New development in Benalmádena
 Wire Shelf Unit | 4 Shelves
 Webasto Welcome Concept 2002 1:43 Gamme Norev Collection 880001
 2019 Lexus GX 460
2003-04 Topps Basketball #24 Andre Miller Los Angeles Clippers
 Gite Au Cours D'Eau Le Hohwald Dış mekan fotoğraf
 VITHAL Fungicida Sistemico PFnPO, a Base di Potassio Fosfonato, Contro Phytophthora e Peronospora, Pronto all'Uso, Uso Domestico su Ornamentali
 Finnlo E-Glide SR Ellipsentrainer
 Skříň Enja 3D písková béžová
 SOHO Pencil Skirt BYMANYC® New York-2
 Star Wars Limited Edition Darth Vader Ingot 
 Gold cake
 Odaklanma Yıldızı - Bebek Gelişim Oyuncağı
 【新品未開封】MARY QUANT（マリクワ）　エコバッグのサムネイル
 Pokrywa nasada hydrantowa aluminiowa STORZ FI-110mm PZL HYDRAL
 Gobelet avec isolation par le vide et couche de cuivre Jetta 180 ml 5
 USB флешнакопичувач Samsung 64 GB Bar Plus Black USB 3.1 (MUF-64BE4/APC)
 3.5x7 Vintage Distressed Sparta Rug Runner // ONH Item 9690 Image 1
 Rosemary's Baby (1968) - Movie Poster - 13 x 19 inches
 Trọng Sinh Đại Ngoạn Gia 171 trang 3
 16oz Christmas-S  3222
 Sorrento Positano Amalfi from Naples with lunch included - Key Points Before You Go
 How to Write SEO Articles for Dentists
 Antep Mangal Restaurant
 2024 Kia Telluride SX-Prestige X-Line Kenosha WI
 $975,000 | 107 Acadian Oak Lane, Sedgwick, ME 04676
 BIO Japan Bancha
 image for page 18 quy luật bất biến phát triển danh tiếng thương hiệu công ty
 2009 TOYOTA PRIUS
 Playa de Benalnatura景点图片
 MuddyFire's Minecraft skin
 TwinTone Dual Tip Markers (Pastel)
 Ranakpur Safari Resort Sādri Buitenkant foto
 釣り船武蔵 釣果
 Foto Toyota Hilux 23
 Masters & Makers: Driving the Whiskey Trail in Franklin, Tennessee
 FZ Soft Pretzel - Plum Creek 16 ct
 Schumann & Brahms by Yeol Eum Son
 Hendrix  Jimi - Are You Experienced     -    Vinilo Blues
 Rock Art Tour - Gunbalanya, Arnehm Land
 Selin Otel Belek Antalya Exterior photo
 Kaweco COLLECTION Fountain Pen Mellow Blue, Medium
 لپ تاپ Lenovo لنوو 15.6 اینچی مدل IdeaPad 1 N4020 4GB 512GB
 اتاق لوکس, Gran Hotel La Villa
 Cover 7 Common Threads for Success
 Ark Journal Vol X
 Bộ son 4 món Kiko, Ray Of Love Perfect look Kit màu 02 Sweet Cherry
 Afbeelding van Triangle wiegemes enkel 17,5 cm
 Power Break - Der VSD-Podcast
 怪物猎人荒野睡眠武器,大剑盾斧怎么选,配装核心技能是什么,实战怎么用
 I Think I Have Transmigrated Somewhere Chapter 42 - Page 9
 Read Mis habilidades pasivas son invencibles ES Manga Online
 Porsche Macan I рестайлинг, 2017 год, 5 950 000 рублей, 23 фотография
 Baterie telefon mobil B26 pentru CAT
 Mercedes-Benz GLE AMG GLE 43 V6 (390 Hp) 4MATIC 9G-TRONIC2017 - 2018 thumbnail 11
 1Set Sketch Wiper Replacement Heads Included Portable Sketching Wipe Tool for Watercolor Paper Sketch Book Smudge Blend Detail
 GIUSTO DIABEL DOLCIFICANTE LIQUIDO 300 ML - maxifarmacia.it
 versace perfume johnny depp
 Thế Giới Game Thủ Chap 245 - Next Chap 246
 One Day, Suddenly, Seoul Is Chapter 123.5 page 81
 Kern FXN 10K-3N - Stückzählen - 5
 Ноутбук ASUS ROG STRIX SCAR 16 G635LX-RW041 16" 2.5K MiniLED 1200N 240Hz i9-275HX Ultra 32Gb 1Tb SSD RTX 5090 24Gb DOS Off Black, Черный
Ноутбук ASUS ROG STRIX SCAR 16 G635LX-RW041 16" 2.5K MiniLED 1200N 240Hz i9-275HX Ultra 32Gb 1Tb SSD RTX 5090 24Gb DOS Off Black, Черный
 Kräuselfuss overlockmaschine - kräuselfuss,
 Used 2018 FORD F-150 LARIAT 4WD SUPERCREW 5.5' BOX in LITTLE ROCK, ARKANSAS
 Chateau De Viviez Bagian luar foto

--------------------------------------------------

## Task brief
Reproduce exactly the stretch of the material above that starts at the line with "Schumann & Brahms by Yeol Eum Son" and ends at the line with "Ark Journal Vol X", both included, and nothing else.

## Output
 Schumann & Brahms by Yeol Eum Son
 Hendrix  Jimi - Are You Experienced     -    Vinilo Blues
 Rock Art Tour - Gunbalanya, Arnehm Land
 Selin Otel Belek Antalya Exterior photo
 Kaweco COLLECTION Fountain Pen Mellow Blue, Medium
 لپ تاپ Lenovo لنوو 15.6 اینچی مدل IdeaPad 1 N4020 4GB 512GB
 اتاق لوکس, Gran Hotel La Villa
 Cover 7 Common Threads for Success
 Ark Journal Vol X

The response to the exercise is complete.